Die Geschichte der Amelia Earhart ist also unverändert zeitgemäß.

Für mich ist Amelia eine Lichtgestalt und eine Frau, die Hoffnung macht, gerade in der jetzigen Zeit, wo es passieren könnte, dass wir wieder in eine superpatriarchalische US-Präsidentschaft hineinschlittern. Donald Trump denkt, dass Frauen dumm sind. Und das ist schrecklich. Auch deshalb, weil er mit diesem bescheuerten Denken nicht allein ist. Hoffen wir einfach, dass die Vernunft siegen wird.

Amelia Earhart starb kurz vor Erreichen ihres Ziels, mit dem Flugzeug den Erdball zu umrunden. Am 2. Juli 1937 stürzte sie ab und ertrank gemeinsam mit ihrem Co-Piloten im Pazifik. Ihr Album bildet diesen einen Tag ab. Wären Sie trotz allem gerne bei diesem Flug dabei gewesen?

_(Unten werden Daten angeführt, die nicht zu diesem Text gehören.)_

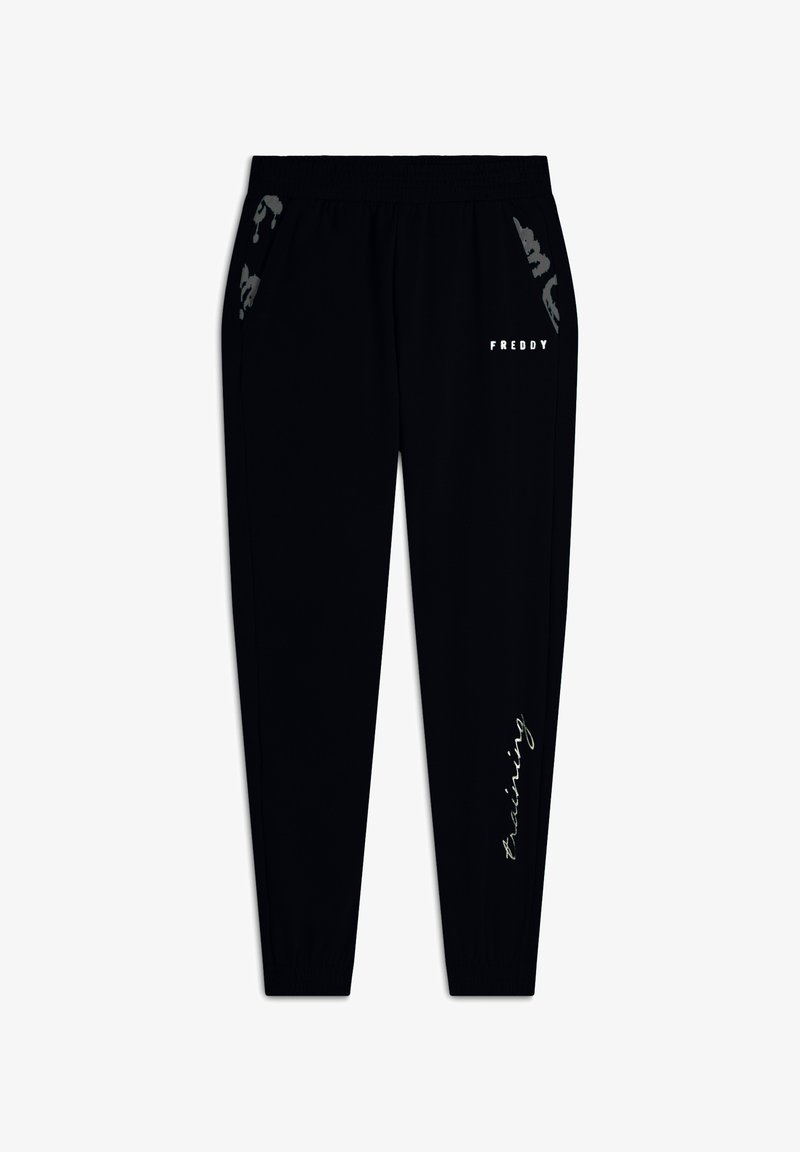 Freddy CON ELASTICO SUL E DETTAGLI FLOREALI - Pantalones deportivos - nero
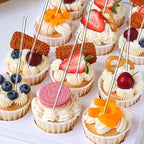 100 Pieces Disposable Plastic Round Top Clear Swizzle Sticks, Crystal Cake Stick, Cocktail Coffee Drink Stirrers 7.24 Inch (Transparent)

Nein, denn dann wäre ich ja jetzt tot. Ich denke, sie wusste, dass sie etwa eine Chance von 50:50 hatte. Das ist für mich keine gute Wahrscheinlichkeit, wenn es darum geht, zu überleben oder nicht. Am Ende brach ihr die Antenne ab. Sie konnte nicht mehr navigieren und keine Funksprüche mehr absetzen. Das war ihr Ende. Flugzeuge allerdings haben mich immer fasziniert. Ich komme aus Illinois, einem sehr flachen Teil der Welt. Meine Eltern hatten acht Kinder, und wenn ich meine Ruhe wollte, legte ich mich ins Maisfeld, schaute nach oben in die Wolken und stellte mir vor, die Flugzeuge seien wie Haie im großen Himmelsozean.

Sie machen Musik, Sie malen, Sie fotografieren, machen Filme, schreiben Gedichte. Sind Sie gelegentlich selbst verwirrt von den krassen Brüchen in Ihrer Kunst?

Ganz im Gegenteil. Ich war besonders daran interessiert, künstlerisch immer nur in einer einzigen Spur zu bleiben. Mir kommt es nicht vor, als wären das Brüche, sondern als würde alles aus derselben Quelle kommen. Was es ja auch tut. Wenn ich ein Bild male, benutze ich dieselben Hände, als wenn ich die Violine spiele. Und ich stelle mir bei jedem Projekt dieselbe Frage: Fasziniert es mich selbst?